Components may be specified per index by subclassing Architecture.
CONSTRUCTORS
new
my $writer = MyDataWriter->new(
snapshot => $snapshot, # required
segment => $segment, # required
polyreader => $polyreader, # required
);
Abstract constructor.
snapshot - The Snapshot that will be committed at the end of the indexing session.
segment - The Segment in progress.
polyreader - A PolyReader representing all existing data in the index. (If the index is brand new, the PolyReader will have no sub-readers).
ABSTRACT METHODS
add_segment
$data_writer->add_segment(
reader => $reader # required
doc_map => $doc_map # default: undef
);
Add content from an existing segment into the one currently being written.

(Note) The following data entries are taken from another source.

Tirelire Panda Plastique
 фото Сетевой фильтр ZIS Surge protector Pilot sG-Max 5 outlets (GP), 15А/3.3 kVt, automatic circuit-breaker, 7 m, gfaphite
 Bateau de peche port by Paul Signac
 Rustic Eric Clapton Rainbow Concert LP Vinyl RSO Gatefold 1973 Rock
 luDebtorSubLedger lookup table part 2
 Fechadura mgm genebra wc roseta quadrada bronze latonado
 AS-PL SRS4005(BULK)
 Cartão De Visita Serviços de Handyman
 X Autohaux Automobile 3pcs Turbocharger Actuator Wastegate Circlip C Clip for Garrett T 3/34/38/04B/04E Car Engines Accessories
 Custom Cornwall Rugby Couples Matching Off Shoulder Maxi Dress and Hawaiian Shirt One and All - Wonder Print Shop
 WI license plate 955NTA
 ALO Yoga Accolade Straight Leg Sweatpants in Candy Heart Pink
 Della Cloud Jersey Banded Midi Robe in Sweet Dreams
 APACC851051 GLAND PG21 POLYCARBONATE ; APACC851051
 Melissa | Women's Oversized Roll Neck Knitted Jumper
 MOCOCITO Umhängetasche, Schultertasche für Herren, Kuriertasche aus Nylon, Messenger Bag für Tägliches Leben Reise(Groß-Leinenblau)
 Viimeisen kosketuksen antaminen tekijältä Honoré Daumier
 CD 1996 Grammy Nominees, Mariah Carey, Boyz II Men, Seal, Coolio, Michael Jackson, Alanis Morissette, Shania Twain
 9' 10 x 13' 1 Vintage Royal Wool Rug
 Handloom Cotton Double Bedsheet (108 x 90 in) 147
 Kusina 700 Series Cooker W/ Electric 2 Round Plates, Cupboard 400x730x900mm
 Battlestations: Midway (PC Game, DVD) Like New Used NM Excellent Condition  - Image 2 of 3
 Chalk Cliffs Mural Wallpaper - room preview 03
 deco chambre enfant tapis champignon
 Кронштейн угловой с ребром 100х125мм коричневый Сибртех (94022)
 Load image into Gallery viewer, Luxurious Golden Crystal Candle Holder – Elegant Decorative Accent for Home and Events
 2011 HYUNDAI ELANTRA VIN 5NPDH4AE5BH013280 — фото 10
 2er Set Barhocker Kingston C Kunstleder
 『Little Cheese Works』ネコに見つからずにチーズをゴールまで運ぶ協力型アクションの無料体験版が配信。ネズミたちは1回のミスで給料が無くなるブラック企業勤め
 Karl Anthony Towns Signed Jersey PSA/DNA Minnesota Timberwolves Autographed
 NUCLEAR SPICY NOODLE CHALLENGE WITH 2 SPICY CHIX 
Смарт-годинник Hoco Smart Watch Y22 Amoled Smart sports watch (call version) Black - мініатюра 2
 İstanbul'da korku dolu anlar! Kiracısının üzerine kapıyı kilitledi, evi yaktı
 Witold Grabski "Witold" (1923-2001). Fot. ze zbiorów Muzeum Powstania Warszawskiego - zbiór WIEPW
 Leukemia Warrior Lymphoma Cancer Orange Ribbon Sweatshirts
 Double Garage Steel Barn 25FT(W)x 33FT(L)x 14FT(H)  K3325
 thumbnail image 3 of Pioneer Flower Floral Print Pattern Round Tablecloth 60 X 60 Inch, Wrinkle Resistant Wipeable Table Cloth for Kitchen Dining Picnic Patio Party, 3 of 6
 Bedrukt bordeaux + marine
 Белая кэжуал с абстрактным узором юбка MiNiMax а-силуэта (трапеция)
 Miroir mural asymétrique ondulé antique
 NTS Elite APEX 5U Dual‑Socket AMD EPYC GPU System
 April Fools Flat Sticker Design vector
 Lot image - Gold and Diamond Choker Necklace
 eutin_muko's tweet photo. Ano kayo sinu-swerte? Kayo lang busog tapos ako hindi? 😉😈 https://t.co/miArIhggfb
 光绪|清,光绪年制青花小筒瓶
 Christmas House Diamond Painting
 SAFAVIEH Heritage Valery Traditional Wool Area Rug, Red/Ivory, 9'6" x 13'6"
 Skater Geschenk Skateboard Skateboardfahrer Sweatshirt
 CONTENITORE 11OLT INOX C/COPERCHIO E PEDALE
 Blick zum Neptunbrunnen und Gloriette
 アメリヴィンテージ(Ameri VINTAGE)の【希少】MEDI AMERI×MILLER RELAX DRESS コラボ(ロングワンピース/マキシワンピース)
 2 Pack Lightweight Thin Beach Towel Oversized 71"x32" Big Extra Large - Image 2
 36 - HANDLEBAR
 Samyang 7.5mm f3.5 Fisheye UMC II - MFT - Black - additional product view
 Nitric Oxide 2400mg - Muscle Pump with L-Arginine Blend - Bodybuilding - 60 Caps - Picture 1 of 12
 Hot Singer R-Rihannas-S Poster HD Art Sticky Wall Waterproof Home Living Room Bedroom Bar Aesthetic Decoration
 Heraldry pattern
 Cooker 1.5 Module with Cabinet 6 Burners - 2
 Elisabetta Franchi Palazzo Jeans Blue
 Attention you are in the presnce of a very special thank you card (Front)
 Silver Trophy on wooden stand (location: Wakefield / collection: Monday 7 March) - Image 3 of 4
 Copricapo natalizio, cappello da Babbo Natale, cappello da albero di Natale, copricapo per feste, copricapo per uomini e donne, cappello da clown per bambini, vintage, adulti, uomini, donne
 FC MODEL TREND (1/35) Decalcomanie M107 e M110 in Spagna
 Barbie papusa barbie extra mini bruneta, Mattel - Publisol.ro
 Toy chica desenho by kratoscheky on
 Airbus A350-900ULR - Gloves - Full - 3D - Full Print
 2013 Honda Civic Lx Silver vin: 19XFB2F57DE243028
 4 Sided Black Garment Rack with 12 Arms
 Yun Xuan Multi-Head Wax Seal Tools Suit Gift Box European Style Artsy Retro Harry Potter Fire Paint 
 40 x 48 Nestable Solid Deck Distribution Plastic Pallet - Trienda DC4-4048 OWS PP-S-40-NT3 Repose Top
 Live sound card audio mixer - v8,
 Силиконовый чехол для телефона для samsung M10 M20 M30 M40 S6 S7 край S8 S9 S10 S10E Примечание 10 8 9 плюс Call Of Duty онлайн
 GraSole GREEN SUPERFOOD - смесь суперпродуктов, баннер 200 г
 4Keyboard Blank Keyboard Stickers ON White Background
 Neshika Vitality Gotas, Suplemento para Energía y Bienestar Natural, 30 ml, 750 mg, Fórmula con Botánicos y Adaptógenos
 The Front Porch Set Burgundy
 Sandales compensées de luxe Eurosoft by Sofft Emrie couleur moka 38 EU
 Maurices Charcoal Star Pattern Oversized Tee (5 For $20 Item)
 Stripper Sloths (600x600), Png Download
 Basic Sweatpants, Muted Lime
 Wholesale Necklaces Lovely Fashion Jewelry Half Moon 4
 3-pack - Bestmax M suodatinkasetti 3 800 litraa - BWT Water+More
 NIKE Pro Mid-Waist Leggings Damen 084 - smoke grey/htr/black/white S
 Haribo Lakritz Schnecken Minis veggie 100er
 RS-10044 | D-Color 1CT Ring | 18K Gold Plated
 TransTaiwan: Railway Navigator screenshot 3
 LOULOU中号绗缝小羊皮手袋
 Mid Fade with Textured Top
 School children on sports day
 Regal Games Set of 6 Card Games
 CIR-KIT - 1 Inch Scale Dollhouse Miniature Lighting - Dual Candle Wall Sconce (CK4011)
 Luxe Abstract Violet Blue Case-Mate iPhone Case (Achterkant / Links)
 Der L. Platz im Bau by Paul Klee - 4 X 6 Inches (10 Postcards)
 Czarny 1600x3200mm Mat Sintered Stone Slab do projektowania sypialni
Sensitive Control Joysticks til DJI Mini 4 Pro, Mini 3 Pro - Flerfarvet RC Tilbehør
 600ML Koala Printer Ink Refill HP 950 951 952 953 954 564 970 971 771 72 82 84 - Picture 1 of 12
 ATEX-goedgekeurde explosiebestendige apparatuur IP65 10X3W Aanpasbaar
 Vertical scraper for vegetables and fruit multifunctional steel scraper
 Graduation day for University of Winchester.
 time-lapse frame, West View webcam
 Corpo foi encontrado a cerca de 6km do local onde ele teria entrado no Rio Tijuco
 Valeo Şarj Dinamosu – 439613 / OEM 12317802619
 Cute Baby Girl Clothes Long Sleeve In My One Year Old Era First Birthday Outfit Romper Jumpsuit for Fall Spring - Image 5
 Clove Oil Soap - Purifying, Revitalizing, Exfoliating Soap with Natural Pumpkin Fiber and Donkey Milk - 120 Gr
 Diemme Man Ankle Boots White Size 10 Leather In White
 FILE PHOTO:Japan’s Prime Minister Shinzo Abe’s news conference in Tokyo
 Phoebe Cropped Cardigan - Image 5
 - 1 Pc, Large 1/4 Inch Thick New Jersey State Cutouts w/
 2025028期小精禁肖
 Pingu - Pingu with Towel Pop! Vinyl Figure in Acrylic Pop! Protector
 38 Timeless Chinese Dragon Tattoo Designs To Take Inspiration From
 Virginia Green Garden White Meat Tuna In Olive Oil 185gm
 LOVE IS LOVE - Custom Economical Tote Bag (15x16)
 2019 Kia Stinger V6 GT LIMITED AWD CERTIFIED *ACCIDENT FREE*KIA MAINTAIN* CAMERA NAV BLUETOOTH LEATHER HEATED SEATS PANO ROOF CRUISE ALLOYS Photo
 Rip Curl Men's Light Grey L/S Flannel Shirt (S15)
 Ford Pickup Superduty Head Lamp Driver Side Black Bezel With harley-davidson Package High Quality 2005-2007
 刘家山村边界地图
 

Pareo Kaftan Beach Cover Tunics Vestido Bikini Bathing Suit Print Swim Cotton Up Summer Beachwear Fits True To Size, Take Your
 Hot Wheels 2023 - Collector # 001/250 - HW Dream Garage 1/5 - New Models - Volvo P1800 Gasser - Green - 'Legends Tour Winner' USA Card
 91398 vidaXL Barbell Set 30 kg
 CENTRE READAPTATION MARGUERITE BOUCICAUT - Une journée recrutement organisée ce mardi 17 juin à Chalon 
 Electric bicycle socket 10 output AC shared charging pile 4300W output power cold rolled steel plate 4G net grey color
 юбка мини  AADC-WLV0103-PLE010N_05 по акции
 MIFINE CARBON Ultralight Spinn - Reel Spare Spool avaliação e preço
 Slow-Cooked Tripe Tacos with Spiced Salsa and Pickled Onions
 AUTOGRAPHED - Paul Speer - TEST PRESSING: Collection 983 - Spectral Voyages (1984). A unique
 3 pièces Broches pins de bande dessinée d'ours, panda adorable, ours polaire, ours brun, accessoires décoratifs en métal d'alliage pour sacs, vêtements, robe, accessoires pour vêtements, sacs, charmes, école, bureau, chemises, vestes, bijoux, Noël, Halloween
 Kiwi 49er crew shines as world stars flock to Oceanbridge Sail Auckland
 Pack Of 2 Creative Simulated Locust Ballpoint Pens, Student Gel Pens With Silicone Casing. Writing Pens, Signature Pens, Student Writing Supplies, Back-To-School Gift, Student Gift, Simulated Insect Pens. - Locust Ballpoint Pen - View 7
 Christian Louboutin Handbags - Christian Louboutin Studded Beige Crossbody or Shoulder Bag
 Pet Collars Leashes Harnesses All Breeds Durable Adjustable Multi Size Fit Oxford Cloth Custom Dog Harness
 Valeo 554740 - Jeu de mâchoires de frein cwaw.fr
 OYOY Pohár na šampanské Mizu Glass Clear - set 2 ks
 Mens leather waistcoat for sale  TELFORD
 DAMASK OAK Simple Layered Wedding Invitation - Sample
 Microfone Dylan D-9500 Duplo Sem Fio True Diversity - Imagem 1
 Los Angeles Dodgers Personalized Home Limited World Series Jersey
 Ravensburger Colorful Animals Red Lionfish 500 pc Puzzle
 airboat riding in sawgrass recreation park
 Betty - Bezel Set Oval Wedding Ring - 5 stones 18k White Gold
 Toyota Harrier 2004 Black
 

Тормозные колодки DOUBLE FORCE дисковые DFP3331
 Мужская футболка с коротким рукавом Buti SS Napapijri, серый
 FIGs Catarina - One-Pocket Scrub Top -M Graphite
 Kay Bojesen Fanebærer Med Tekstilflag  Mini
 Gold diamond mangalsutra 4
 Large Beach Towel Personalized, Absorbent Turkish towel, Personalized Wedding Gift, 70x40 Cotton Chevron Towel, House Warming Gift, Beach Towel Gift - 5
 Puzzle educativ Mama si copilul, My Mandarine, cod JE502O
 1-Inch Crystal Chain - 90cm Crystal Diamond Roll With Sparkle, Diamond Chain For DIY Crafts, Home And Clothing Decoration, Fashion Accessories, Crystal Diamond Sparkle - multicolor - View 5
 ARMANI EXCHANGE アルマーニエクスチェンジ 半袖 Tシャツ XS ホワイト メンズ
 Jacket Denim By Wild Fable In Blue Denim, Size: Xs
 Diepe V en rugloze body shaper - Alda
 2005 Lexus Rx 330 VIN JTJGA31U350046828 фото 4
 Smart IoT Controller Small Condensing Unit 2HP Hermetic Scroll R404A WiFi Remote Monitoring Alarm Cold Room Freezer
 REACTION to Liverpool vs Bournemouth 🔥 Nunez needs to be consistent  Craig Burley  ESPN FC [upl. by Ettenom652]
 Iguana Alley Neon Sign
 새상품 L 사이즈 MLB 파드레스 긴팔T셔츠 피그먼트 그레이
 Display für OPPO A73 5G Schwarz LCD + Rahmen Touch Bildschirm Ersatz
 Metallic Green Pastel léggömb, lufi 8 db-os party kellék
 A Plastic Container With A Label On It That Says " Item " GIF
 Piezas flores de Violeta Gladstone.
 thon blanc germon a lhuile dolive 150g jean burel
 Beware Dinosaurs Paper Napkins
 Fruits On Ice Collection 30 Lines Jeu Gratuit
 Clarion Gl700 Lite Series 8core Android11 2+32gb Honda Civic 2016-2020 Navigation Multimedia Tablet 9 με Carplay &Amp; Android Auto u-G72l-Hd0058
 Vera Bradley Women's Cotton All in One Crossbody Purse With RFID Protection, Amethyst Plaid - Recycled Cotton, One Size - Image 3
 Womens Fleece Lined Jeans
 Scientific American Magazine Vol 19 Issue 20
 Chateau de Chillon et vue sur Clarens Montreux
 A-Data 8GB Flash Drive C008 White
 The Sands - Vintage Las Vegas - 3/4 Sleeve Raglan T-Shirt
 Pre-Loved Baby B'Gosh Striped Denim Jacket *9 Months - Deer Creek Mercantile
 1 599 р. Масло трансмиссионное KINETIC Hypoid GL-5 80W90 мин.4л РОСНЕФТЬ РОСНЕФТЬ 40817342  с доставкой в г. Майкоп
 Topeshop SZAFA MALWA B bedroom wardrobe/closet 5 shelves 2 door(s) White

reader - The SegReader containing content to add.
doc_map - An array of integers mapping old document ids to new. Deleted documents are mapped to 0, indicating that they should be skipped.
finish
$data_writer->finish();
Complete the segment: close all streams, store metadata, etc.
format
my $int = $data_writer->format();
Every writer must specify a file format revision number, which should increment each time the format changes. Responsibility for revision checking is left to the companion DataReader.
METHODS
delete_segment
$data_writer->delete_segment($reader);
Remove a segment’s data. The default implementation is a no-op, as all files within the segment directory will be automatically deleted. Subclasses which manage their own files outside of the segment system should override this method and use it as a trigger for cleaning up obsolete data.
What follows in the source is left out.